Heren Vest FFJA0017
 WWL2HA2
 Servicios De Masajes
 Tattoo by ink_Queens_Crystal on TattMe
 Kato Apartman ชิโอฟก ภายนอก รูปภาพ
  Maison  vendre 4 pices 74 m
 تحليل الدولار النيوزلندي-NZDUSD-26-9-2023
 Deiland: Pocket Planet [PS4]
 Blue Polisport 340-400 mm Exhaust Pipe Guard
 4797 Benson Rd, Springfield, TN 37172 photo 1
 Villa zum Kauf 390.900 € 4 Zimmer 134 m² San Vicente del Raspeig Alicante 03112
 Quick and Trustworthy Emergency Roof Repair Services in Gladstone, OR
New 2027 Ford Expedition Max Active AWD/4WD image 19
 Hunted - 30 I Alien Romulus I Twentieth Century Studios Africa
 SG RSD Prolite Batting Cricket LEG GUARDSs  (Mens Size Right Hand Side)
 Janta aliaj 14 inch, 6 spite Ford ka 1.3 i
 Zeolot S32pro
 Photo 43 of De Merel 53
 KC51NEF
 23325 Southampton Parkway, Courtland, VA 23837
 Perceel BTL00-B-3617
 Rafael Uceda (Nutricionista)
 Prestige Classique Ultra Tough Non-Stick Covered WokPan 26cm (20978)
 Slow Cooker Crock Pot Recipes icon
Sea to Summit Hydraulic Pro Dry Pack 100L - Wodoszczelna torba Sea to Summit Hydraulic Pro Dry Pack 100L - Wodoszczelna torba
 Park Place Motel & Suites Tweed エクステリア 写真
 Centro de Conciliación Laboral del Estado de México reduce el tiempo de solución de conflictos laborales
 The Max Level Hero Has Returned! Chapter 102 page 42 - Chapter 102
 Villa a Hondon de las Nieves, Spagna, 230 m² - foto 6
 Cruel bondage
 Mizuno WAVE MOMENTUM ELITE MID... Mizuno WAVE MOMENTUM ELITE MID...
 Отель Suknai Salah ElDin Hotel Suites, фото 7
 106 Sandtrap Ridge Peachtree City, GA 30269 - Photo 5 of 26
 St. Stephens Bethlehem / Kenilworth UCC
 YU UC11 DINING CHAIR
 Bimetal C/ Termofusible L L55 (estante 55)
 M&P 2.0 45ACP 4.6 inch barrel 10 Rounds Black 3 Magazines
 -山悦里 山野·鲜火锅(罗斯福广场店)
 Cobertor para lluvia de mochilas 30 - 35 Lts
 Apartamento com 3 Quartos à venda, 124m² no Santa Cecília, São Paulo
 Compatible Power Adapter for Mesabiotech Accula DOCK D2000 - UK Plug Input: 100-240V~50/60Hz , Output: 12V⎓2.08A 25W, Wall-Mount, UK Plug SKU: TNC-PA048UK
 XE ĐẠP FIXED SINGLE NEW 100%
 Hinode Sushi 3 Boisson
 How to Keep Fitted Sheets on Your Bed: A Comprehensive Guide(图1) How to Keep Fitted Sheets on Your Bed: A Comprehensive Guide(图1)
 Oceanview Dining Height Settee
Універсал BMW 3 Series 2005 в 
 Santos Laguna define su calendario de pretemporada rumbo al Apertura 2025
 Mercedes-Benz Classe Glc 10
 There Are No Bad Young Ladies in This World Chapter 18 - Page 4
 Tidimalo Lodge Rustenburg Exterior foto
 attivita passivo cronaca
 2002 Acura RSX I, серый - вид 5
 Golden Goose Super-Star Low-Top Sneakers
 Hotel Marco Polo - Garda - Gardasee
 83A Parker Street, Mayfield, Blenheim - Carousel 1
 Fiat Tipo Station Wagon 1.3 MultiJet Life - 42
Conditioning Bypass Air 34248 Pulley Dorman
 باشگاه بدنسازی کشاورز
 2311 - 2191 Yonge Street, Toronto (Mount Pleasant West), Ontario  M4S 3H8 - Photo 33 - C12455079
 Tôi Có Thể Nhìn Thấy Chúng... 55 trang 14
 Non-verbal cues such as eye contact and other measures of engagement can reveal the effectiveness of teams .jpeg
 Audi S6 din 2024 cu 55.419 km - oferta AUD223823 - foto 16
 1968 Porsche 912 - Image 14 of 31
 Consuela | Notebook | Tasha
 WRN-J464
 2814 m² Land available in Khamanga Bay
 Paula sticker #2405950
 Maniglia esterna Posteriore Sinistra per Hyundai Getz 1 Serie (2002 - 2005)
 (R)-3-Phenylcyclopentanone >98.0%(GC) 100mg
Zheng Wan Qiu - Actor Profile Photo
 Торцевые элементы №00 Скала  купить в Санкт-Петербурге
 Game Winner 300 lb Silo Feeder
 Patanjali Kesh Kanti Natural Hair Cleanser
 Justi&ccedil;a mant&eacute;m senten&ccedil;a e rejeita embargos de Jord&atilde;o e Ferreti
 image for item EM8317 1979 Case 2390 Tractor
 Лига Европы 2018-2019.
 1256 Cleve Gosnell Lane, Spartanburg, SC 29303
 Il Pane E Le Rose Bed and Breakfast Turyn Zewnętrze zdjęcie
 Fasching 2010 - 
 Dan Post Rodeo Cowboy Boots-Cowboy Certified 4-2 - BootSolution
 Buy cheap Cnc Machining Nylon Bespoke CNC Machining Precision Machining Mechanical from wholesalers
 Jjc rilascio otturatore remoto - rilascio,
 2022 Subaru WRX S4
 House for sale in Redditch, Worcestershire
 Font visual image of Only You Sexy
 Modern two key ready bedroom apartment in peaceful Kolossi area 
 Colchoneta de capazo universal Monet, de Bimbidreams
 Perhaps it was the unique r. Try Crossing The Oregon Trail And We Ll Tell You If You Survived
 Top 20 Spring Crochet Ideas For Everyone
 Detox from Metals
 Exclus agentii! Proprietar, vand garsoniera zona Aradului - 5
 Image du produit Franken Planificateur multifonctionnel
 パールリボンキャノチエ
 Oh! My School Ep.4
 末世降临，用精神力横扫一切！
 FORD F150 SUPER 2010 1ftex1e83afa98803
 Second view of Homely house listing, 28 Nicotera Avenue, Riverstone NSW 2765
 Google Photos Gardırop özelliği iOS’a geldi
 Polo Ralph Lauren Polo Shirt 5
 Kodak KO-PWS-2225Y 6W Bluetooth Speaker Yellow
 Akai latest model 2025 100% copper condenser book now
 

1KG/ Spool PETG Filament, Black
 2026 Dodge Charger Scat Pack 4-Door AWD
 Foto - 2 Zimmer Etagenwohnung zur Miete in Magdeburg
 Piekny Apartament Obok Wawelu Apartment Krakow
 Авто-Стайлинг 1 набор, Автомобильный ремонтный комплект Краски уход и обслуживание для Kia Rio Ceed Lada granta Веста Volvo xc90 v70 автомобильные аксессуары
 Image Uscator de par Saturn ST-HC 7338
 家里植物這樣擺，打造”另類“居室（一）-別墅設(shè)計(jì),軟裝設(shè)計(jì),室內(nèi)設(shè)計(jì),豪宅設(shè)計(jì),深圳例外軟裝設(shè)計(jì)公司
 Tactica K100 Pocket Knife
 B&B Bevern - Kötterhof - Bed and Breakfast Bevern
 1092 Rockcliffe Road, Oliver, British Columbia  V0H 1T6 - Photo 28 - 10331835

Action item
Count the lines in the listing where the string "inch" appears. Answer with the number only.

Response area
2